Подал Ермолай в Гарвард и Принстон со следующей осени. Приняли оба, выбрал Гарвард. Одновременно и Игнат рвётся вернуться в Америку, учиться дальше здесь. Ну вот, все опять будут неподалеку, в Штатах, хоть и разлетелись из дому.
И все четверо — с острым вниманием, с волнением, как за своею истинной судьбой, — следят за новостями с родины, слушают от нас пояснения и добавки и отвечают своими соображениями. До сих пор — русские по духу. Пока — удалось сохранить.
Но затянись наше пребывание здесь ещё?.. Почти невероятно, чтобы детям, всему роду моему, не пришлось весомо заплатить за моё изгнание.
В октябре 1987, как условились через моего благожелательного немецкого издателя, приехала к нам большая редакционная команда «Шпигеля» во главе с главным редактором Рудольфом Аугштейном — и беседовали мы несколько часов, очень содержательно, при хорошем переводе, — об исторических путях России, прямо в связи с «Колесом». Хотя между нами с Аугштейном уже не было никакой сердитости от конфликта 1974 года — но разговор сперва шёл в большом напряжении: не исключаю, что и ныне журнал не прочь бы изобразить меня безысходным мракобесом.

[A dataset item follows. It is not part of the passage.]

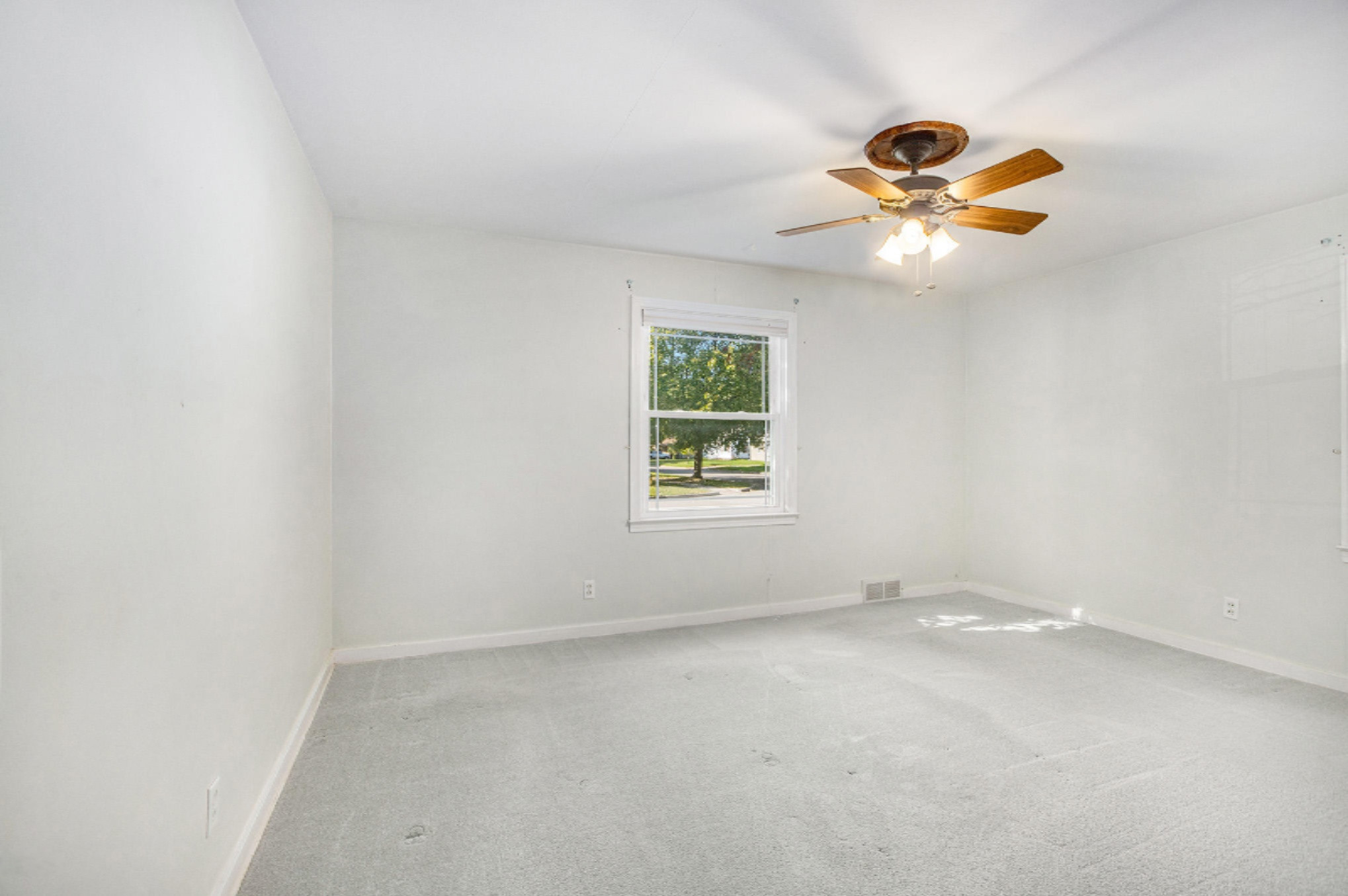 3528 Random Road Kalamazoo, MI 49004 - Photo 13 of 21 NDP DNGs_26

Однако в ходе часов напряженье спадало и обе стороны оставались удовлетворены.
Прошло несколько недель от публикации* и, видится, явно от впечатления со «Шпигелем» — вдруг и «Вашингтон пост» и «Нью-Йорк таймс» заказали писать статьи обо мне — с заданием: жив ли ещё Солженицын или уже принадлежит прошлому? (Какой-то «исторический путь России», глубина времени, — а где же горбачёвская Перестройка? где же внятная современность?) «Нью-Йорк таймс» настойчиво добивалась и интервью от меня, я не дал.
* «Der Spiegel», 1987, 26 Oktober. Полный русский текст — Солженицын Александр. Публицистика. В 3-х томах, т. 3. Ярославль. Верхне-Волжское изд-во, 1995–1997, стр. 285–320. (Далее ссылки на это издание даются с указанием названия, тома и страницы. — Прмеч. ред.)

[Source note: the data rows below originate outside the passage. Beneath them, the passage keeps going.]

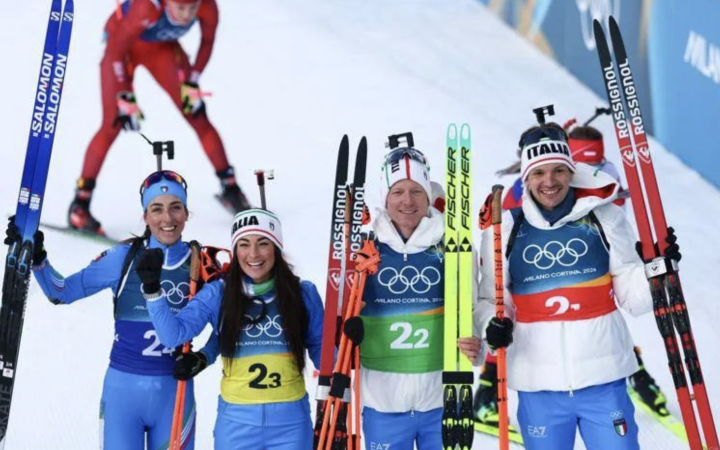 Milano Cortina 2026, staffetta biathlon d'argento. Goggia e Dalmasso di bronzo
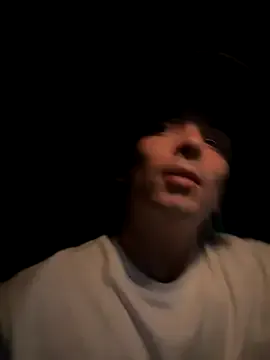 LauraFord – webcam model profile photo Image 5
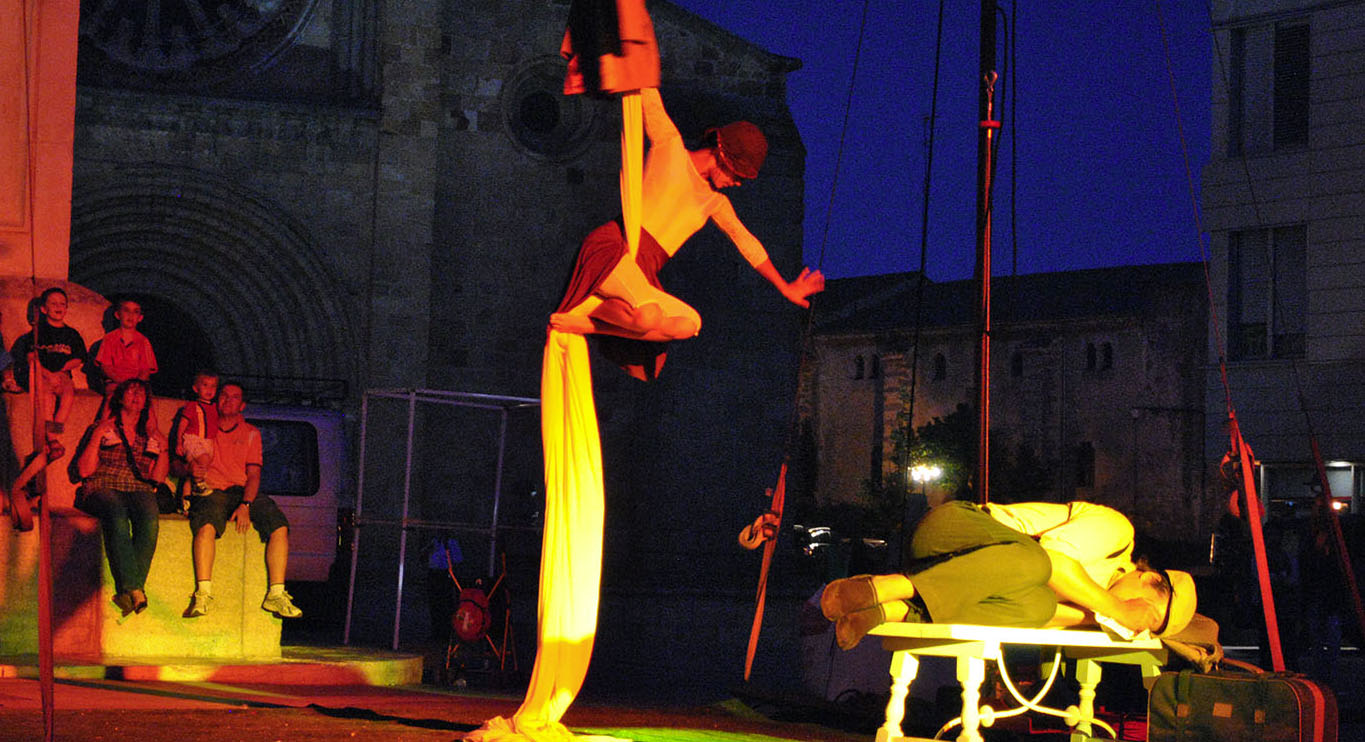 ALAS CIRCO TEATRO - desafiando las leyes de la gravedad y explorando las infinitas posibilidades del circo.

На всякий случай заранее меня похоронить, до выхода «Колеса»? Ничем их не насытить. А мне, нутряно, совсем безразлично: что они обо мне думают, скажут, напишут. Я знаю: хоть когда-то, хоть после моей смерти, «Красному Колесу» время придёт — и той картины Революции никому не оспорить.
Впрочем, у «Вашингтон пост», при доле подмухлёвок и шпилек, — получилась статья как бы реабилитационная после травли 1985: вроде я — и не антидемократ, вроде — и не антисемит… («Нью-Йорк таймс» и год спустя, к моему 70-летию, опять предлагала интервью, я отказался.)

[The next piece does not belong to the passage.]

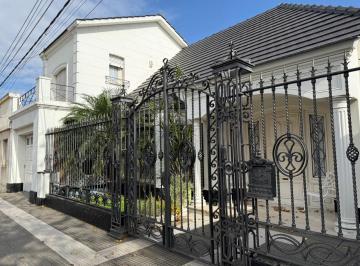 Casa de 5 ambientes, Esperanza · Impecable Casa en Venta de Tres Dorm. en El Centro de Esperanza, Santa Fe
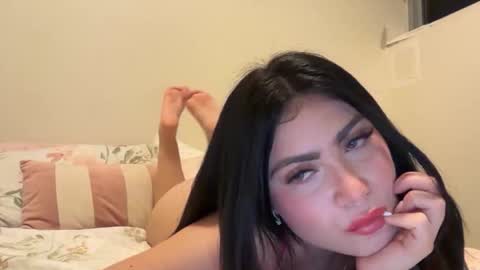 milaa008 online show from 09/30/25, 08:52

А в СССР моё имя всё так же запрещено. Гласность для кого и повеяла, чьи имена и книги вытягивали наконец из тьмы забытья — да только не мои: для советской власти я оставался заклятым и опасным врагом, и в цекистской «Советской культуре» меня продолжали травить.
И куда прочь отнесло то неуверенное заявление Залыгина в марте 1987, что он намерен печатать Солженицына? Что ж, терпели дольше, потерпим. Таков уровень официальной «Гласности» спустя три года, как её даровали.
А — не официальной, общественной? Нас поразила мелкость достигших нас разномнений. Одни: вот Солженицын приедет и возглавит «Память» — и это приведёт к диктатуре русского шовинизма в СССР. Другие: нет, он приедет — и обессилит её, отнимет у неё умеренные здоровые элементы. Рассуждали обо мне, как о политической игрушке, а не о писателе. И даже по этой плоскости зрели только леденящую «Память» — а Коммунизм как будто уже и не высился.